» **What you should do**
Find the line containing "Auto Electrical System", then print it and each following line through the end of the records, exactly and with nothing added; leave out any pictures.

» **Provided data**
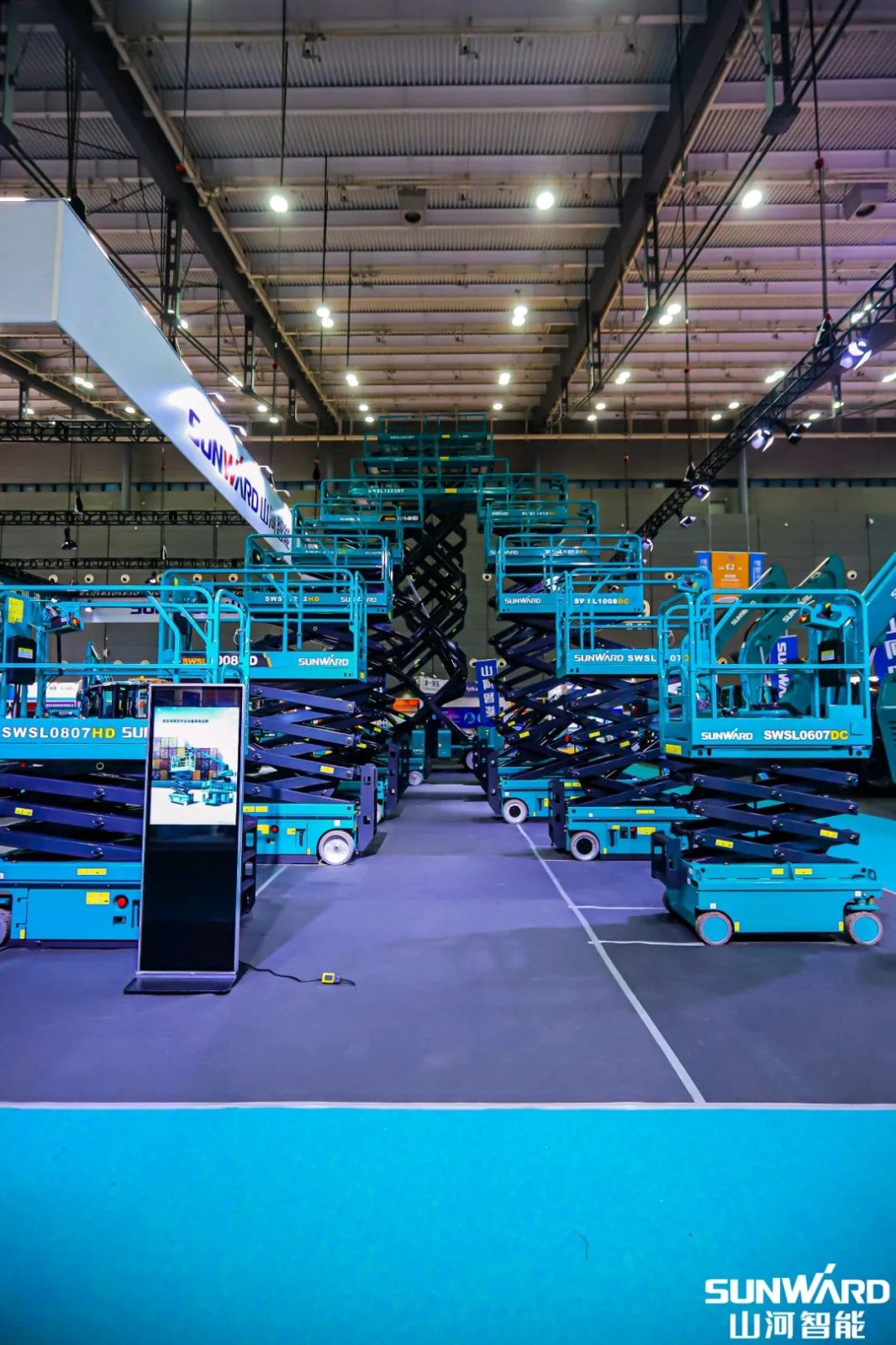 CICEE | 盘点开云官方注册-开云(中国)
智能展区“之最”，哪款是你的最爱？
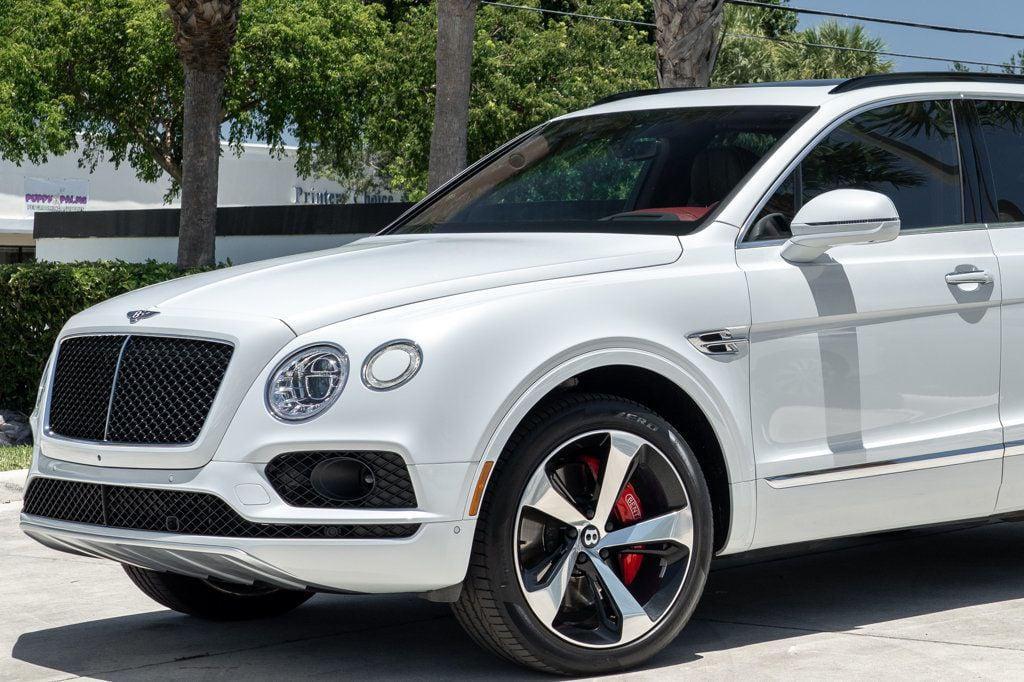 used 2019 Bentley Bentayga car, priced at $89,995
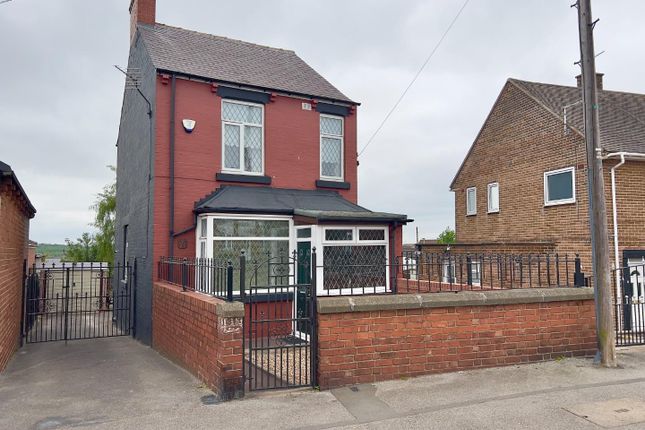Thumbnail Detached house for sale in Station Road, Royston, Barnsley
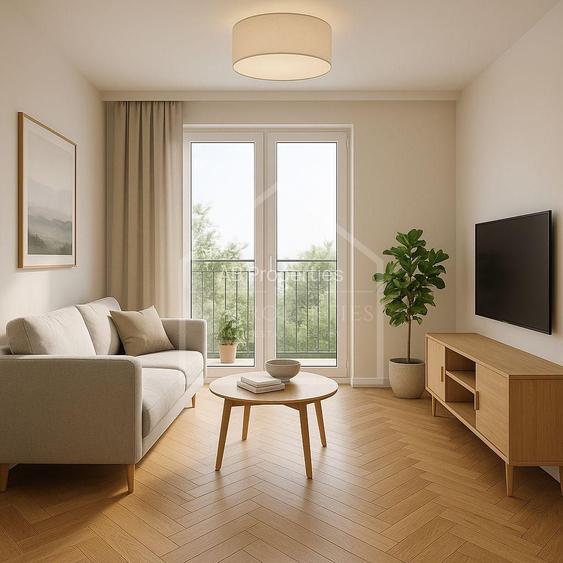 Apartament 2 camere | Metrou 1 Mai | RENOVAT INTEGRAL - 3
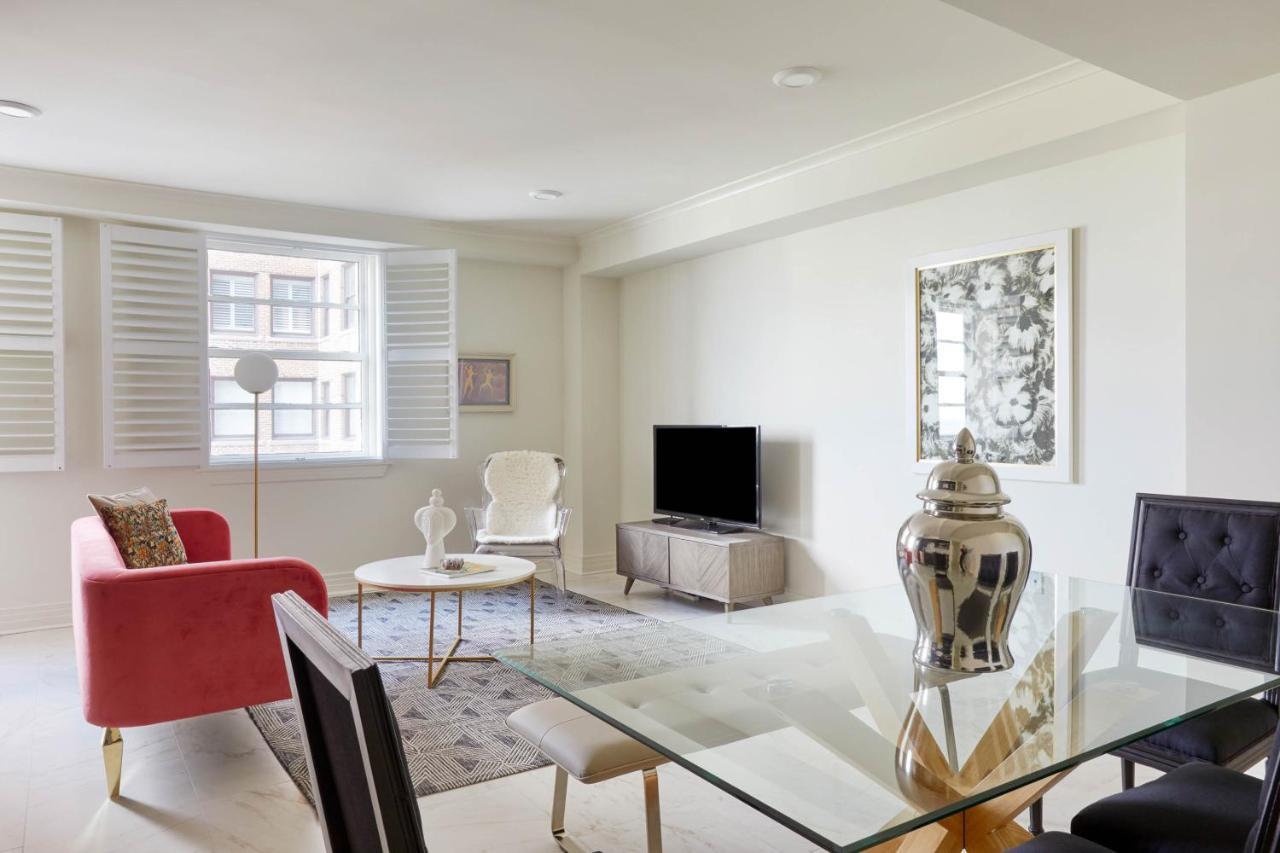 Deluxe Canal Street Suites By Sonder Νέα Ορλεάνη Εξωτερικό φωτογραφία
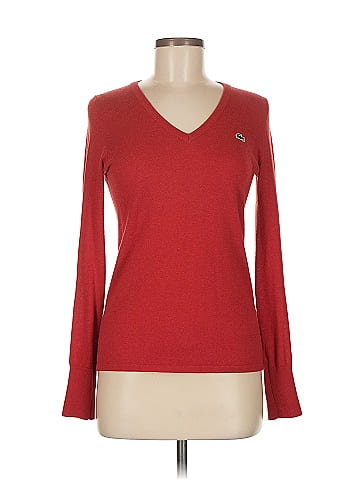 Lacoste Pullover Sweater (view 1)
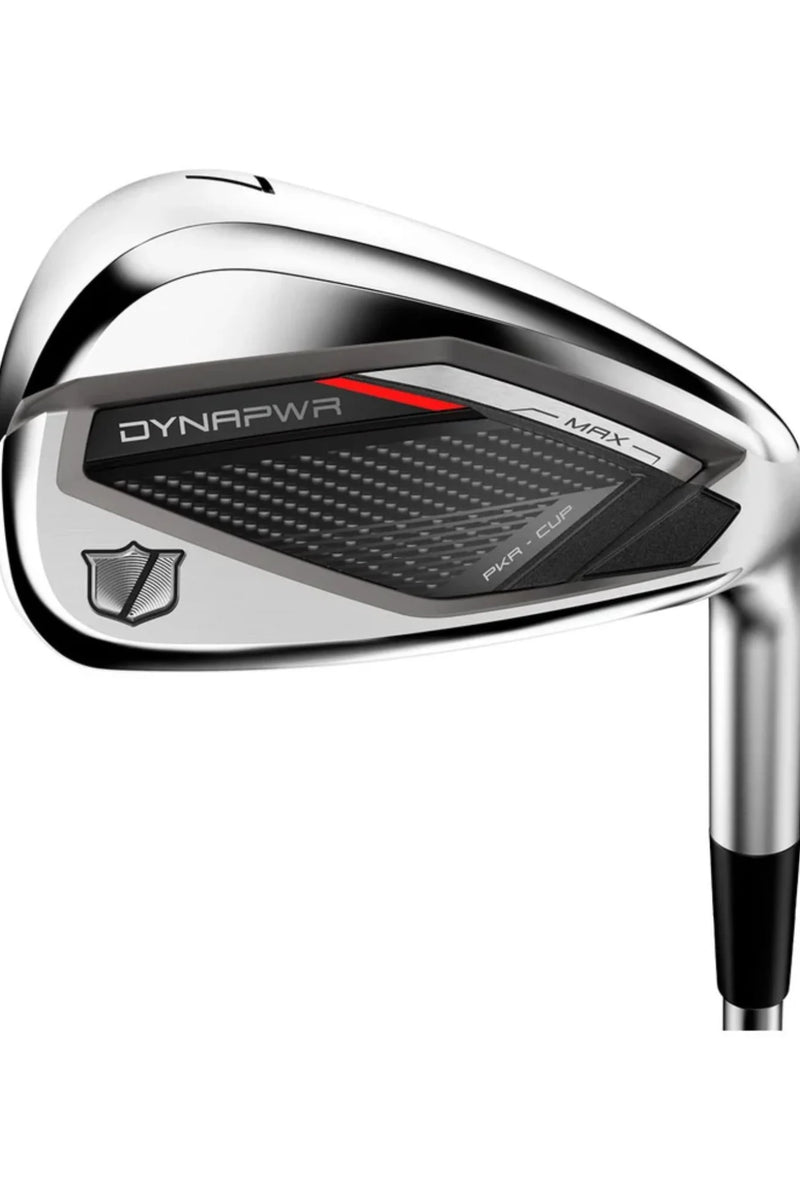 Wilson Dynapower Max Hierro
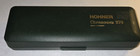 Hohner Super Chromonica Harmonica 270 48 C With Case  Made In Germany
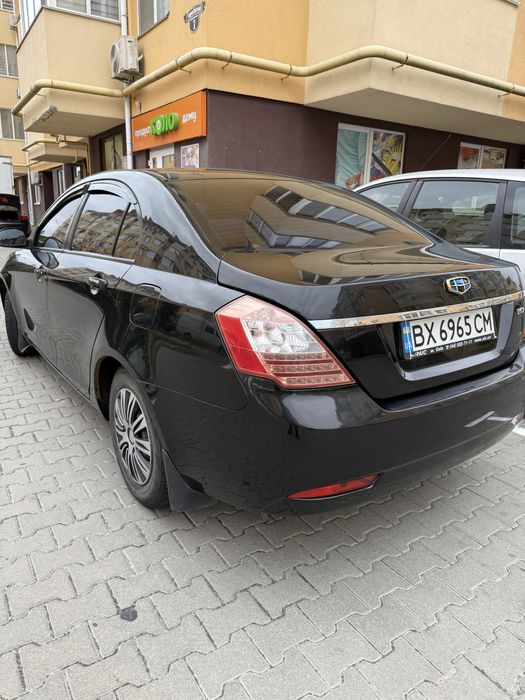 Продам GEELY Emgrand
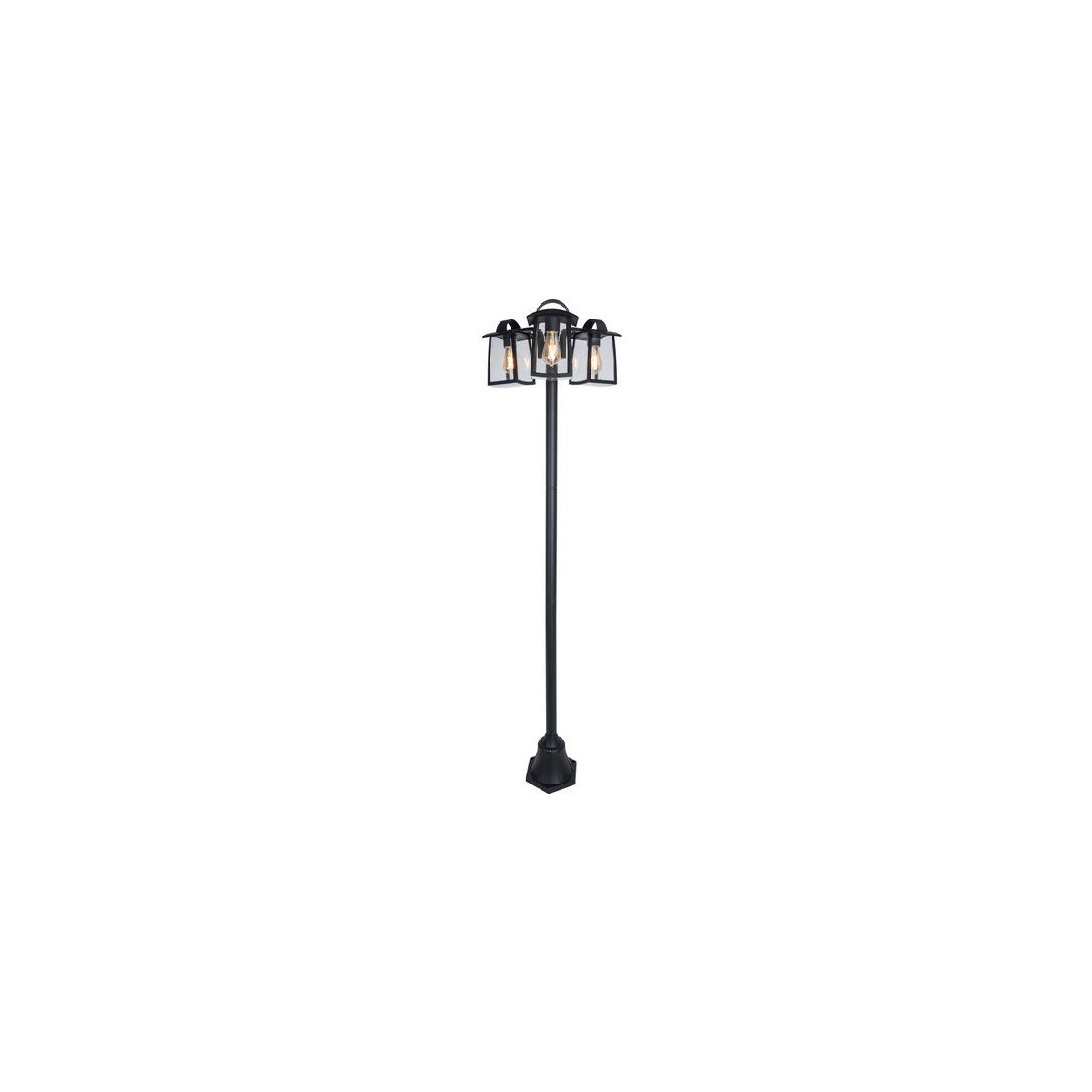 lampa ogrodowa LUTEC7273606012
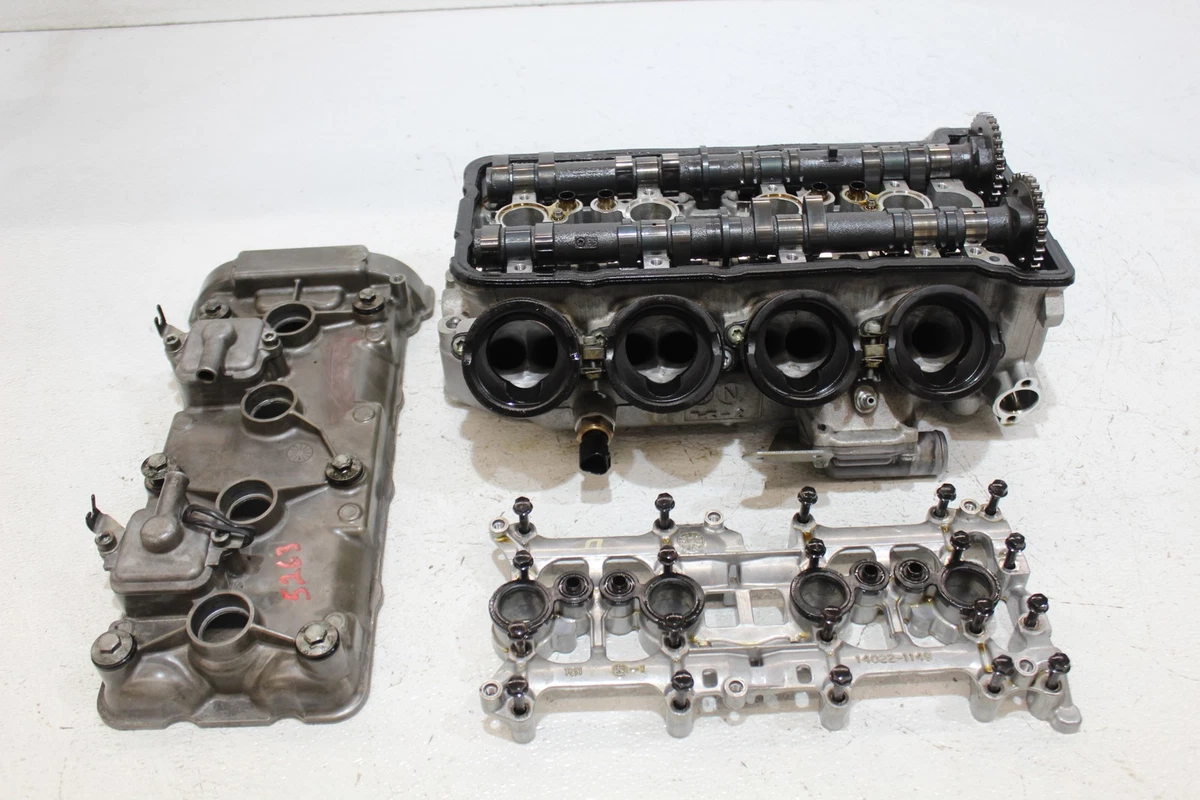 Motorcycle Cylinder Heads & Valve Covers for 2006 Kawasaki Ninja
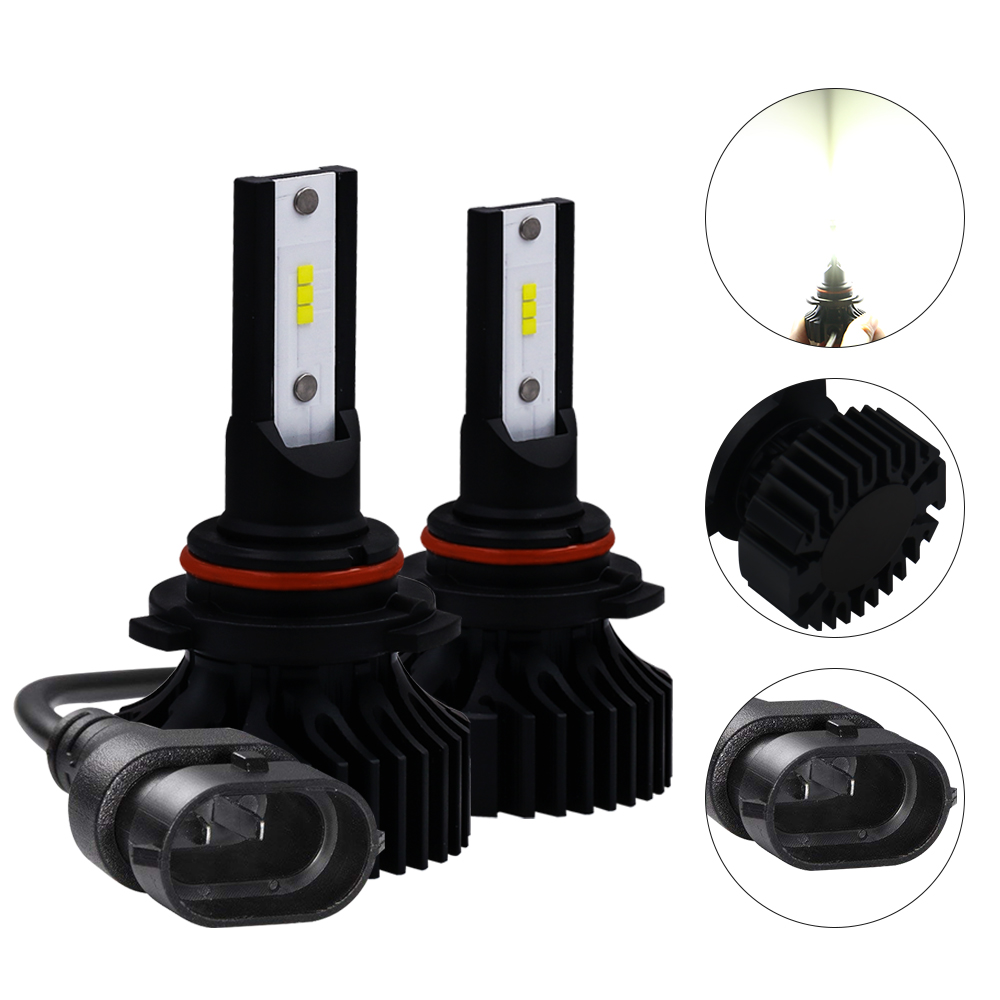 Auto Electrical System Head Lamp 9006(Hb4) Headlight Lighting Bulb H1 H2 H3 H5 H7 H4 Hb3 Hb4 H11 Head Light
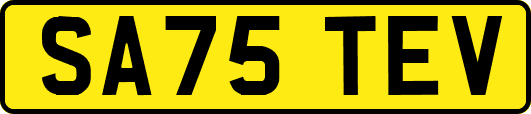 SA75TEV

» **Result of this exercise**
 Auto Electrical System Head Lamp 9006(Hb4) Headlight Lighting Bulb H1 H2 H3 H5 H7 H4 Hb3 Hb4 H11 Head Light
 SA75TEV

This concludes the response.